__Data for the task__.
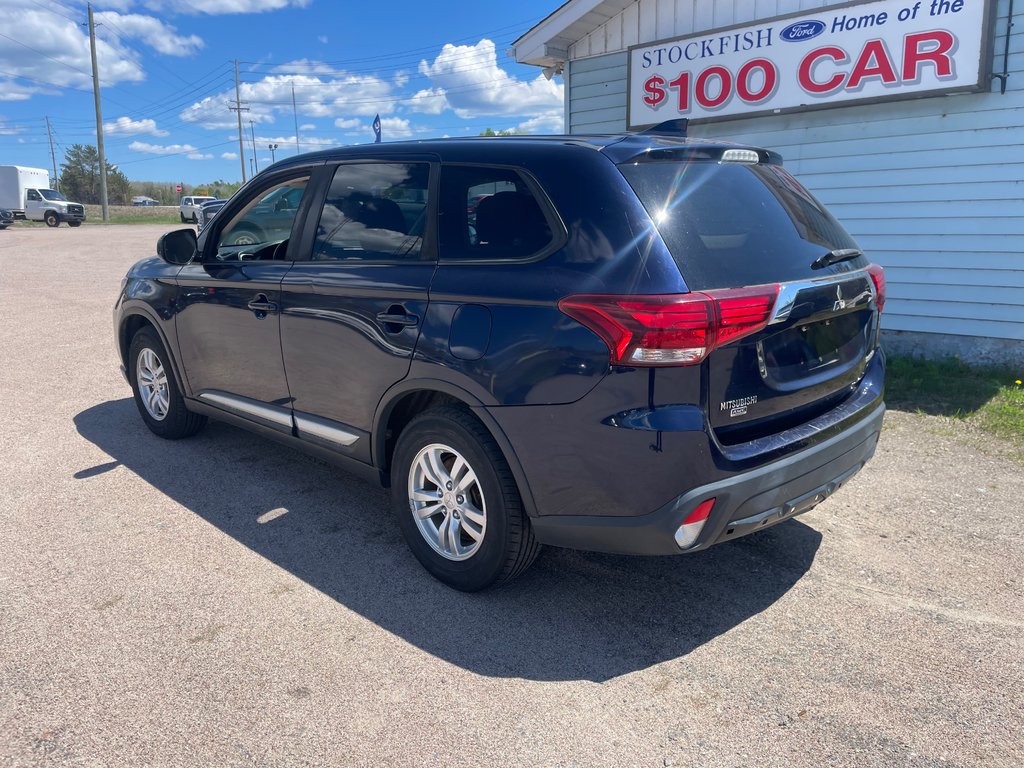 Mitsubishi Outlander ES 2018 à North Bay, Ontario - 9 - w1024h768px
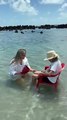 Influencer mostra o mar pela primeira à avó Tereza de 94 anos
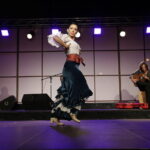 13.08.2017 Kielce. Letnia scena przed KCK. Koncert z cyklu "Tarasy Sztuki". Występ zespołu Corazon Flamenco. Anna Iberszer. / Jarosław Kubalski - Radio Kielce / Koncert zespołu Corazon Flamenco przed KCK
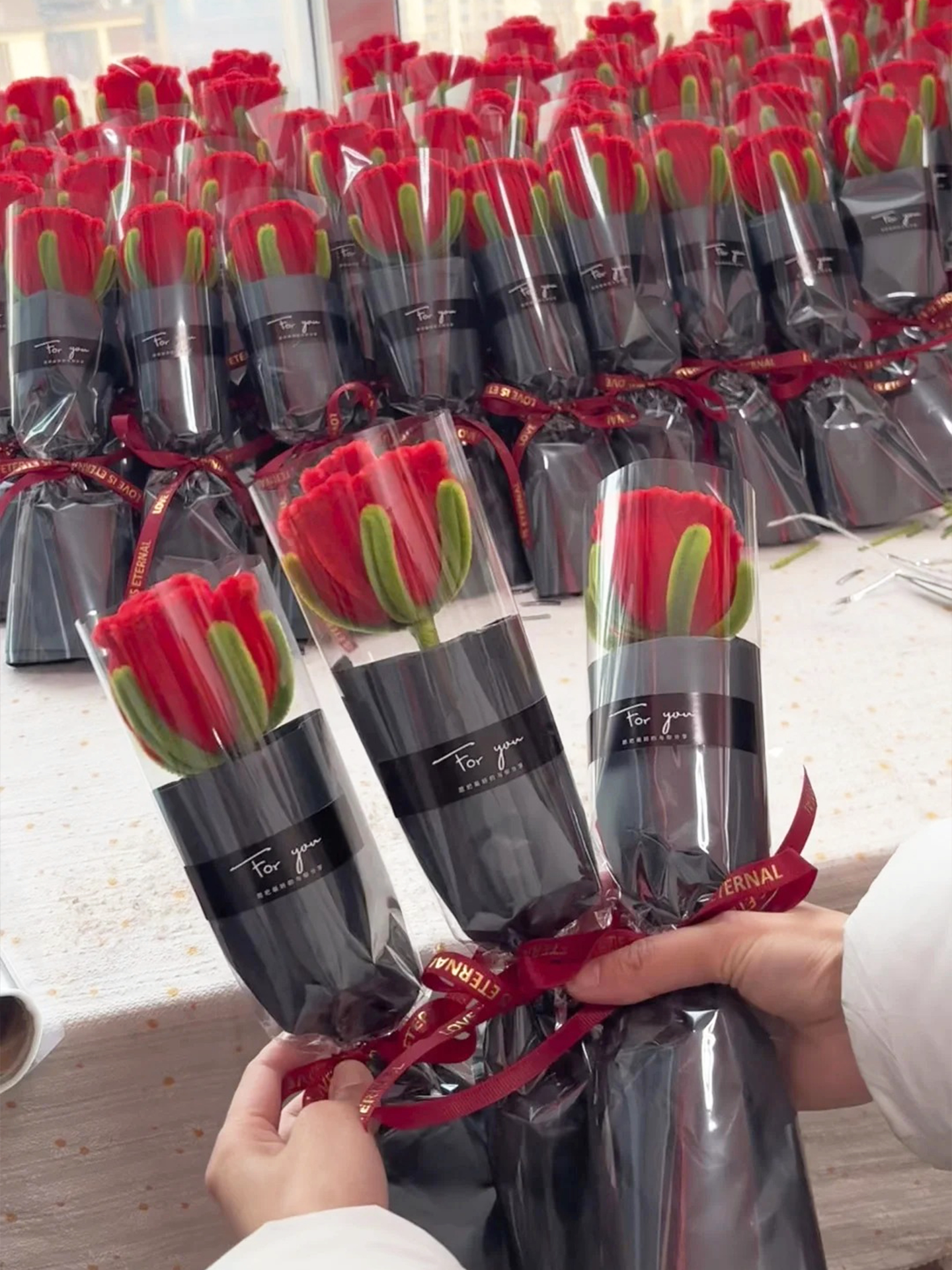 DIY Chenille Stem Rose Bouquet Craft Kit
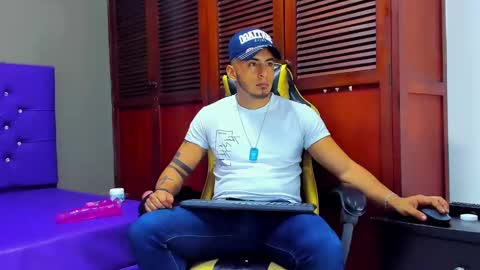 Snapshot of cristophertompson chatting on February 4, 2025, 12:55 pm Say me Cris online show from February 4, 2025, 12:55 pm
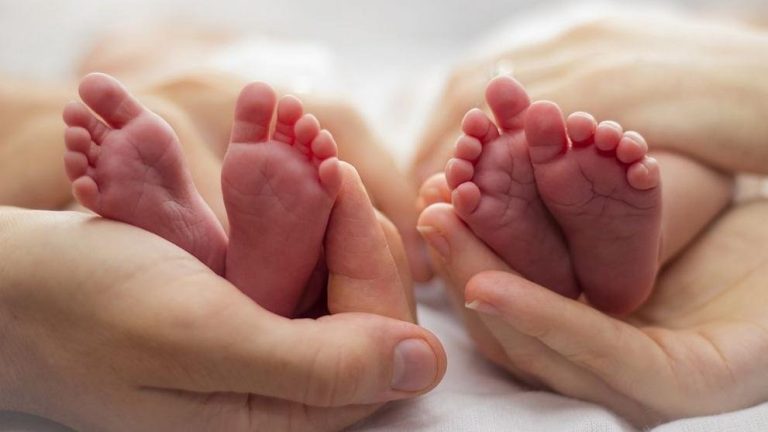 80 бебета са родени във Варна през 2025 г. чрез общинската инвитро програма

__What is required__.
Copy out the listing above from the line containing "Influencer mostra o" to the line containing "DIY Chenille Stem Rose Bouquet Craft Kit", both included, exactly as written and minus the images.

__Output of the task__.
 Influencer mostra o mar pela primeira à avó Tereza de 94 anos
 13.08.2017 Kielce. Letnia scena przed KCK. Koncert z cyklu "Tarasy Sztuki". Występ zespołu Corazon Flamenco. Anna Iberszer. / Jarosław Kubalski - Radio Kielce / Koncert zespołu Corazon Flamenco przed KCK
 DIY Chenille Stem Rose Bouquet Craft Kit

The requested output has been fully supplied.